En esta primera ocasión, estuve mucho tiempo esperándola en Le Condé. No se presentó. Había que ser paciente. En otra ocasión sería. Me dediqué a observar a los parroquianos. La mayoría no pasaban de los veinticinco años y un novelista del siglo XIX habría citado, refiriéndose a ellos, a la «bohemia estudiantil». Pero me parece que muy pocos debían de estar matriculados en La Sorbona o en la Escuela de Minas. Debo admitir que, al verlos de cerca, me preocupaba su porvenir.
—Me siento ligeramente ridículo diciendo lo que voy a decir, y a lo mejor te parece completamente fuera de lugar…, ya no soy capaz de determinar en qué situación me encuentro respecto a los demás…, pero óyeme. Yo…, bueno, pienso constantemente en ti, eso es todo, y creo que lo mejor sería averiguar qué sientes tú por mí, y así podemos decidir qué debemos hacer. —Esperé—. Y porque siento verdaderos deseos de saberlo. Empiezo a cansarme…
El sexo matinal no le gustaba: normalmente significaba: “siento lo de anoche, más vale tarde que nunca”; y otras veces significaba: “con esto seguro que hoy no te olvidarás de mí”, pero ninguna de las dos actitudes me entusiasmaba. El sexto nocturno era, bueno, era el sexo básico, ¿no? El que podía variar de una envolvente alegría contenida entre sueños al cortante “Mira, para eso nos hemos metido pronto en la cama, así que vayamos a ello”. El sexo nocturno era tan bueno, tan diferente, y ciertamente tan impredecible como el sexo mismo. Pero el sexo de tarde no era nunca un modo cortés de redondear las cosas, era un sexo con ilusión y con ganas.
Le pedí a Nina que se casara conmigo.
—No puedo—dijo.
—No te lo volveré a pedir.
—Sí, pídemelo —dijo—. Pídemelo.
Víctor dice que casarse resulta demasiado caro. Las mujeres te sacan todo el dinero.
No es que Nina me pidiera nada. Era demasiado orgullosa y temía demasiado los cambios para hacerlo.
—No quiero convertirme en una de esas mujeres mantenidas —decía.
—Todavía no —replicaba yo.
A media noche, los músicos sorprendieron a la concurrencia con una polkita inédita cuya letra dialogaba picarescamente:
¿Cómo?
Con amor, con amor, con amor,
¿Qué haces?
Llevo una flor, una flor, una flor
¿Dónde?
En el ojal, en el ojal, en el ojal
Ya solo hablaré de amor, se decía entre copa y copa, y mientras tanto su vida se derrumbaba, las deudas crecían, las demandas se amontonaban, sus agentes (tenía más de uno) le amenazaban no sin cierta dulzura mientras su carrera se detenía y el dinero no llegaba.
Pero a él qué más le daba, si estaba dispuesto a darlo todo por amor, a morir amando, literalmente, para callarle la boca a esa estúpida canción que le había torturado desde la infancia.
***
Ahora se sentía más seguro que nunca respecto al plan que había trazado.

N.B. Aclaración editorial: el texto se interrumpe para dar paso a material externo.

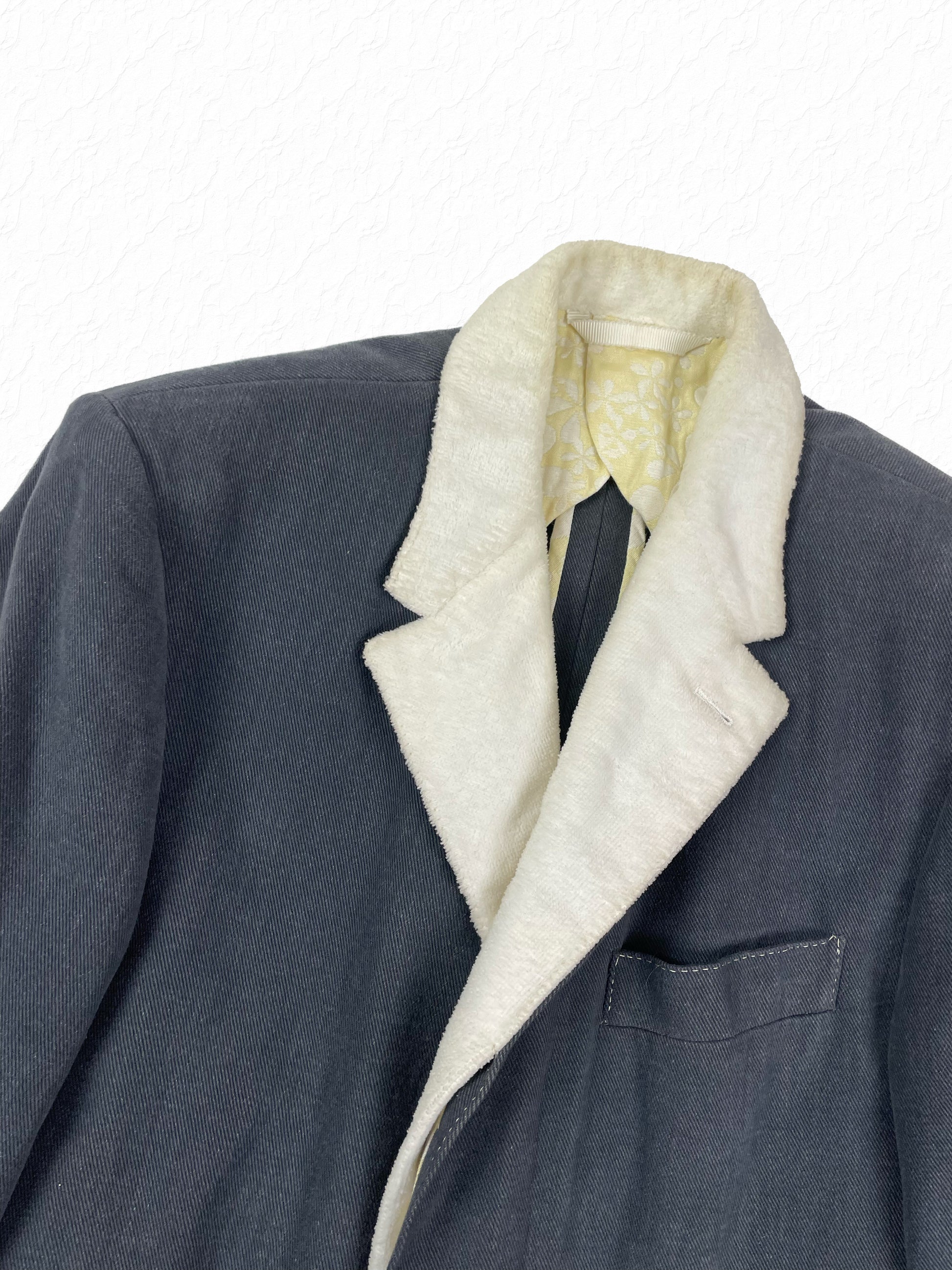 White toweling notch lapel on Thom Browne grey Chesterfield overcoat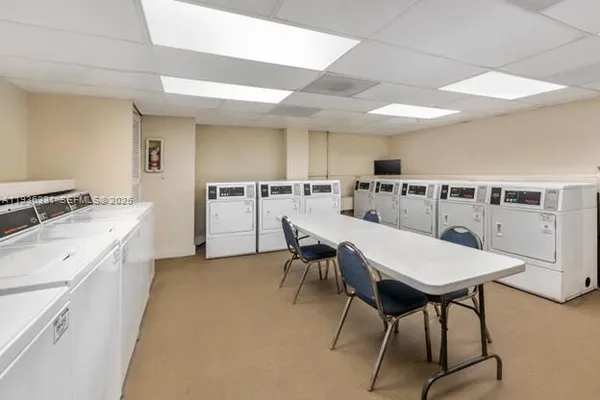 a large room with lots of white furniture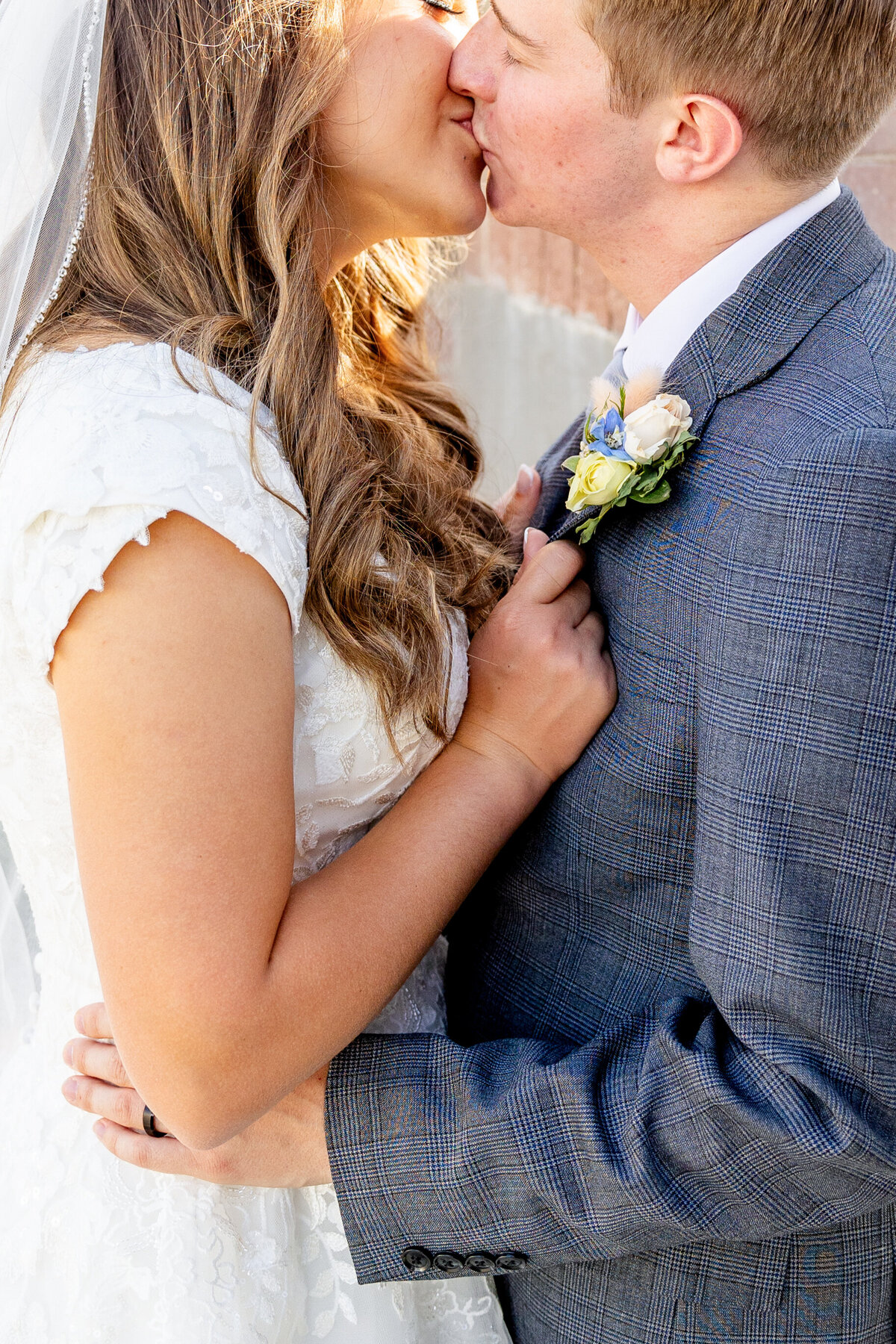 A close-up shot of a newlywed couple sharing a gentle kiss, highlighting the bride’s delicate lace dress and the groom’s elegant boutonniere.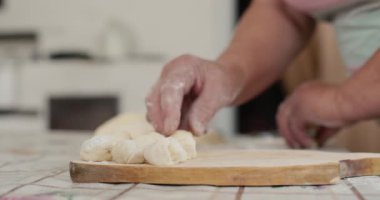 Yaşlı bir kadın, eski bir odun sobasının arka planında un ürünleri yapıyor..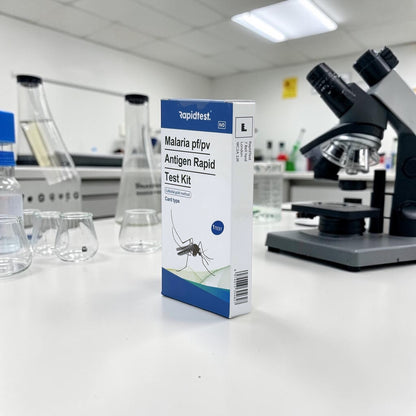 Malaria test kit box on a laboratory counter with a microscope in the background - rapidtest.co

Ya no era la furia lo que le movía, ni la aversión ni el odio, ni la necesidad de cumplir su palabra. Lo que estaba a punto de hacer era contractualmente correcto, y poseía la amoral inevitabilidad de la pura geometría. Y no sentía nada en absoluto.
Se esfumará
Se adentrará en la nada: el verso de Keats que le aterraba.
Se apagará como se apagan las noches azules, se irá igual que se va la claridad.
Se volverá al azul.
Yo misma coloque sus cenizas en el muro.
Yo misma vi cerrarse las seis puertas de la catedral.
Sé qué es lo que estoy experimentando ahora.
Conozco la fragilidad y conozco el miedo.
Uno no teme por lo que ha perdido».
FIN
* Las piezas del puzle corresponden a: Paraíso inhabitado, de Ana María Matute; Alta fidelidad, de Nick Hornby; En el café de la juventud perdida, de Patrick Modiano; El libro de Rachel, de Martin Amis; Antes de conocernos, de Julian Barnes; Intimidad, de Hanif Kureishi; La tía Julia y el escribidor, de Mario Vargas Llosa; Ya solo habla de amor, de Ray Loriga; Amsterdam, de Ian McEwan y Noches azules, de Joan Didion.